- _Directions_
Please take the records that follow and repeat exactly the lines starting with the line with "Blouse fluide col V à manches retroussables" and going on through the line with "Entertainment Unit TV".

- _Excerpted records_
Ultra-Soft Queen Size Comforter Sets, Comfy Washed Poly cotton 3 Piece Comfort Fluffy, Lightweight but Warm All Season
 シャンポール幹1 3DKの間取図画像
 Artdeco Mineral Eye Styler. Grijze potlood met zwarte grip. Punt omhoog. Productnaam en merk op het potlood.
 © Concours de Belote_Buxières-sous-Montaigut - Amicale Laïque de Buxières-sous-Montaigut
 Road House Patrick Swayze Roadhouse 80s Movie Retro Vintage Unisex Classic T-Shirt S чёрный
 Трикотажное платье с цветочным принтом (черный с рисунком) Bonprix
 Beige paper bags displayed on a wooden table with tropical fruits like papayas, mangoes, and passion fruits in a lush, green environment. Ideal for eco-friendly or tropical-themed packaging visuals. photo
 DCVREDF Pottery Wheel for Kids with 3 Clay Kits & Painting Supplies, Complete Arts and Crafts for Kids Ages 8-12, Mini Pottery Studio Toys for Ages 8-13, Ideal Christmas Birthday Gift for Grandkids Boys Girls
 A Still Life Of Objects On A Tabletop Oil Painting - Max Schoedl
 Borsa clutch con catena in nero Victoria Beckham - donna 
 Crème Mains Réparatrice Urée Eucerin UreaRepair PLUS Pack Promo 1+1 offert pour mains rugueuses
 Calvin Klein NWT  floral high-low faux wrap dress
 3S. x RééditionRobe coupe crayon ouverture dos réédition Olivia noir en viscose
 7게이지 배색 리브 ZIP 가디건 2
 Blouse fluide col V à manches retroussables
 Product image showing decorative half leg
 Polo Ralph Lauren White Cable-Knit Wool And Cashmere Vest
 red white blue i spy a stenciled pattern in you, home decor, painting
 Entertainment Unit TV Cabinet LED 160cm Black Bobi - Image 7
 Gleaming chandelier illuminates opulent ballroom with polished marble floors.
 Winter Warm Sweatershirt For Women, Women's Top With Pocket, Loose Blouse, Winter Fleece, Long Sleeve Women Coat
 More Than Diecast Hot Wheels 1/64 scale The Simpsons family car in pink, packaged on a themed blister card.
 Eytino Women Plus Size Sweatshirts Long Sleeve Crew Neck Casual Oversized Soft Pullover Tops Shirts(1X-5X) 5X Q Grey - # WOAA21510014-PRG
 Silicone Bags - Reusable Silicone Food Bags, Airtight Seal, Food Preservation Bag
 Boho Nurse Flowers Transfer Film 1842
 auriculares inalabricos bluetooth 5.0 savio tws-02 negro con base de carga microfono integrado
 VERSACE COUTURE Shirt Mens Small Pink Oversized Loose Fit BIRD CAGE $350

- _The answer_
 Blouse fluide col V à manches retroussables
 Product image showing decorative half leg
 Polo Ralph Lauren White Cable-Knit Wool And Cashmere Vest
 red white blue i spy a stenciled pattern in you, home decor, painting
 Entertainment Unit TV Cabinet LED 160cm Black Bobi - Image 7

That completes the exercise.